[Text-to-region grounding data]
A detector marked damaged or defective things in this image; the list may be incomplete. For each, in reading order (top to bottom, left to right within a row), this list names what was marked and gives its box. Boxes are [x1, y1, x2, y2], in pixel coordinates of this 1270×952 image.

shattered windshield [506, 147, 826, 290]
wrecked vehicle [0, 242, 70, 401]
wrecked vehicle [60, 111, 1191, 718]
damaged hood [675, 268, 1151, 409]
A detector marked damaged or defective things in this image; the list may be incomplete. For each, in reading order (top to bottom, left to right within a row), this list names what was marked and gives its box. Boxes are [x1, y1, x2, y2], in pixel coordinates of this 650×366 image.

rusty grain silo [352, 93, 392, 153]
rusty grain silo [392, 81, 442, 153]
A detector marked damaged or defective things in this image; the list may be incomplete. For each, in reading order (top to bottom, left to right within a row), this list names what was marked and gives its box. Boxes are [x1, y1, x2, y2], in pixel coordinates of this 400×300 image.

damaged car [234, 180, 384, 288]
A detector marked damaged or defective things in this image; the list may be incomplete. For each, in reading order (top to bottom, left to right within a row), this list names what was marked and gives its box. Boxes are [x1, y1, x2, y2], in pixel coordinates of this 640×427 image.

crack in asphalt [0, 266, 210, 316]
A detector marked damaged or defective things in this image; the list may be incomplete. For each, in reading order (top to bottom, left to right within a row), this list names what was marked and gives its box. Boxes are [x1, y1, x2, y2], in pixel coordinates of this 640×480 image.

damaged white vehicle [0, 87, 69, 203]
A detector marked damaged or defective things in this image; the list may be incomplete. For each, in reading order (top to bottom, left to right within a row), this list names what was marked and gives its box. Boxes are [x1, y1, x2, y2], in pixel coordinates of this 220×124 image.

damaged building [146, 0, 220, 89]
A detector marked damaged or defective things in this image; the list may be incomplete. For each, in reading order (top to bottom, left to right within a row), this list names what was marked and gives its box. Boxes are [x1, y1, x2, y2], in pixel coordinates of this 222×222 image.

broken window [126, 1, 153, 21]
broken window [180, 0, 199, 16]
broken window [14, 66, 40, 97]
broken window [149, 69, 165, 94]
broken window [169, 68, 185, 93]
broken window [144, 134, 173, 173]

**Problem details**:
Set down, exactly and in full, the lines from the one containing "this 222×222 image." through the end of the entries; no other line belongs.

**The answer**:
A detector marked damaged or defective things in this image; the list may be incomplete. For each, in reading order (top to bottom, left to right within a row), this list names what was marked and gives its box. Boxes are [x1, y1, x2, y2], in pixel coordinates of this 222×222 image.

broken window [126, 1, 153, 21]
broken window [180, 0, 199, 16]
broken window [14, 66, 40, 97]
broken window [149, 69, 165, 94]
broken window [169, 68, 185, 93]
broken window [144, 134, 173, 173]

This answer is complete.